Charles Louis Schultze (December 12, 1924 – September 27, 2016) was an American economist and public policy analyst. He served as the Chairman of the Council of Economic Advisers during the President Carter Administration. Schultze was appointed the Assistant Director of the Bureau of the Budget by President John F. Kennedy in 1962, and was the director from 1965 until 1968 during President Lyndon Johnson's Great Society agenda. He was also a veteran of World War II, during which he served in the army.

Biography

A native of Alexandria, Virginia, Schultze graduated from Gonzaga College High School and received his bachelor's (1948) and master's (1950) degrees in economics from Georgetown University. He was awarded a Ph.D. in economics from the University of Maryland in 1960.  He was an assistant professor of economics at Indiana University from 1959 to 1962.
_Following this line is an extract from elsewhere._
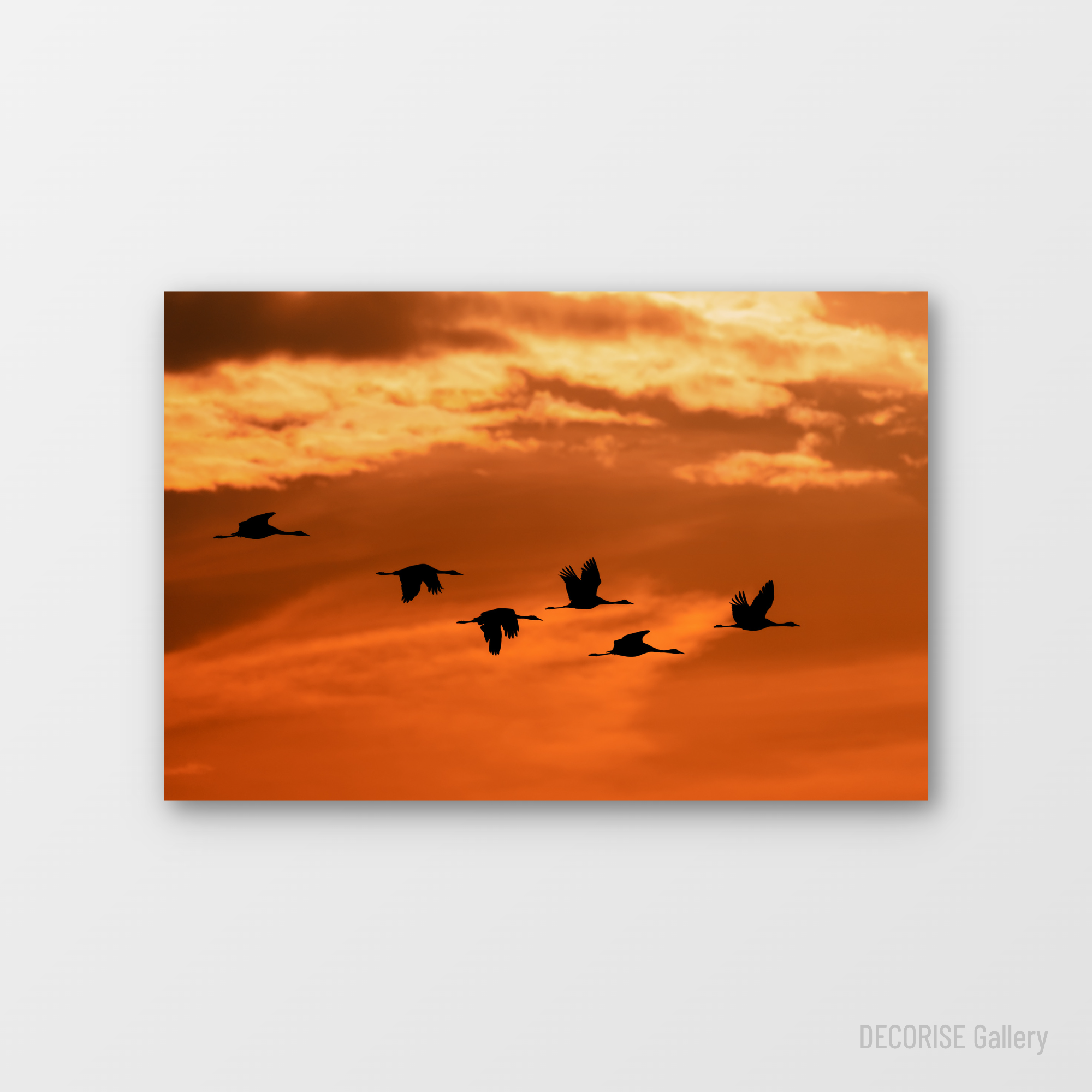 Klucz żurawi na tle zachodzącego słońca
He authored or co-authored dozens of books and articles on economics. Most recently, he co-edited a book with Henry J. Aaron titled Setting Domestic Priorities: What Can Government Do? He also completed a study entitled, Memos to the President: A Guide through Macroeconomics for the Busy Policymaker (Brookings, 1992). Among his better known works, several of which have been written in cooperation with other Brookings scholars, are: An American Trade Strategy: Options for the 1990s, co-edited with Brookings Senior Fellow Robert Z. Lawrence (Brookings, 1990); American Living Standards: Threats and Challenges, co-edited with Robert Z. Lawrence and Robert E. Litan (Brookings, 1988); Barriers to European Growth: A Transatlantic View, with Robert Z. Lawrence (Brookings, 1987); Economic Choices 1987 (Brookings, 1986); and Other Times, Other Places (Brookings, 1986).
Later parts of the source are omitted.